I'm almost fifty. I have the ability therefore to reflect on my life in retrospect. My parents had two very different personalities. My Mom was more like me since she was laid back and contemplative. My Dad is textbook ADHD (undiagnosed) and the epitome of nervous energy. My Dad is also the kind of person that has very strong opinions and has no qualms about sharing them and no qualms about trying to direct members of his family to do things that he thinks they should do. Throughout my life I've felt that my Dad has pushed me and pressured me to accomplish things that he thought would be good for me. I put up resistance to his pressure from a very early age. Depending on his level of persistence, I would sometimes acquiesce or other times give in, but not without protest.
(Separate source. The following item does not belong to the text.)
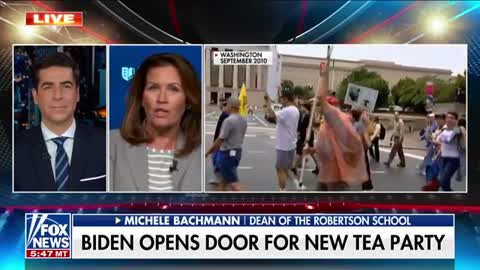 📣 Bachmann: 'Normal people have more brains than a whole room full of politicians'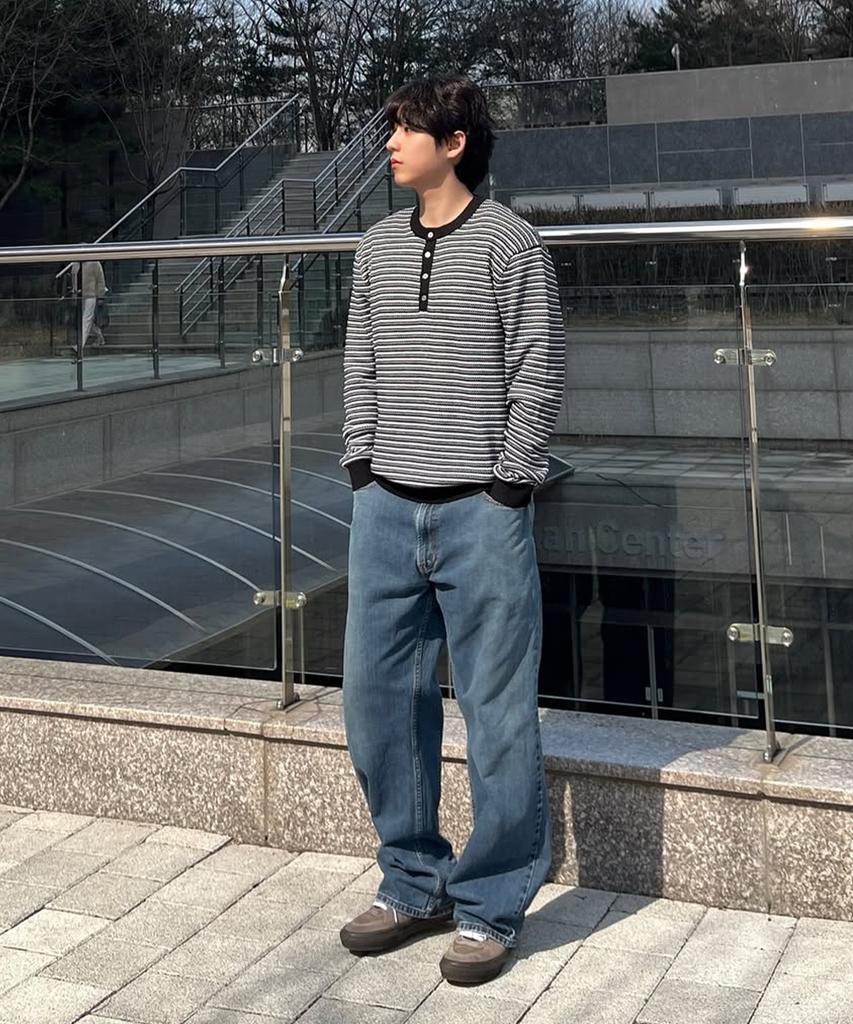 INTEMPOMOOD Pencil Stripe Henley Neck Knit _Black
At my age I have the wisdom to understand and admit that I've accomplished many things that I otherwise wouldn't have accomplished had it not been for him pushing me. My priorities are different that most NTs and while I can be extremely motivated and committed to accomplish things I'm interested in, other things that are necessary for independent living (e.g. jobs, better jobs, loans, mortgages, investing, a strong work ethic, etc) are things I had little motivation for on my own. He pushed me with things like that.
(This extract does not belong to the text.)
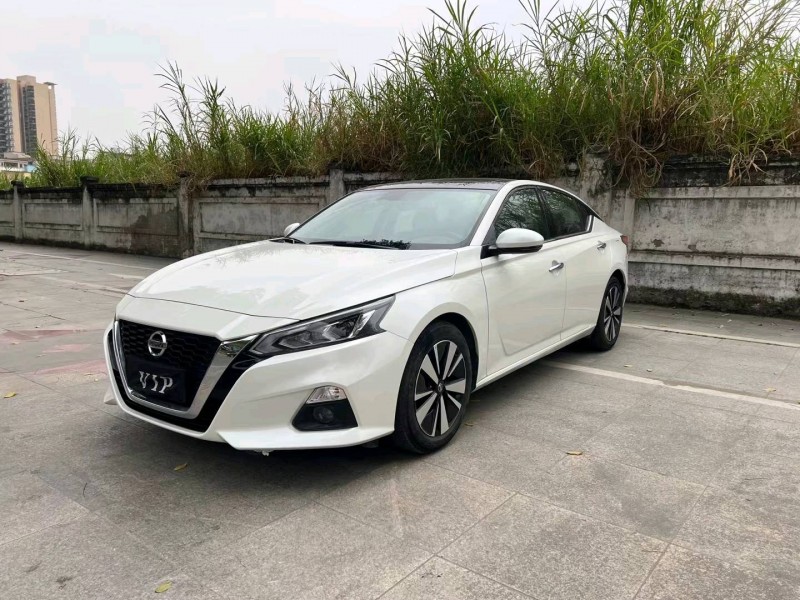 东莞21年日产天籁2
I think "push" is good descriptor for me to use because it connotes an idea of something that's not in motion or something that needs to be prompted in order to be set in motion. Once I was pushed in those directions, I'd often develop enough interest or experience to continue those things on my own.
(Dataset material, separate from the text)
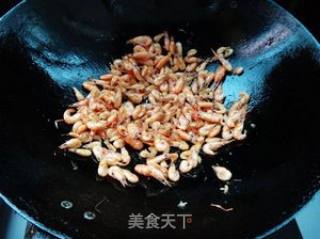 蒜臼捣河虾的做法步骤：2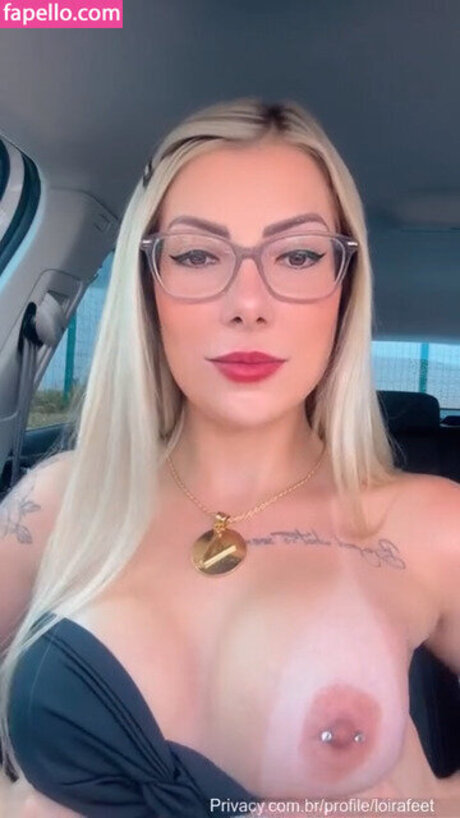 Loira Feet best model pics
I'm not ashamed to say that I needed him to push me. I hated it while it was happening and resented it at the time. But I did still accomplish everything I've been able to do through my own efforts; I just didn't have the forethought, interest, idea or motivation to start those things. I still feel like I need mentors in my life and I'm not ashamed of that either. For example, I regard my accountant to be a key part of my life and she is a mentor to me more so than in a typical accountant/client relationship.

I'm also a parent although my children are younger than yours. I can understand your desire to respect your son's adult independence, but not everyone is the same in regard to their ability to be independent. It's simply a fact that some people need more direction, coaxing, pushing, etc. Especially when they're just starting out. You feel reticent to nag, direct or push your son. I get that. But, you know him better than anyone. If you feel he needs to be pushed, I'm sure you can find good ways to do that. For example, you could tell him why you think he should achieve a certain goal in his life and explain your reasoning, the pros and cons for achieving or not achieving the goal. Then you can persist. If he tells you his reasoning for not wanting to achieve that goal and he's adamant about it then at least you two are having a dialogue that you can continue.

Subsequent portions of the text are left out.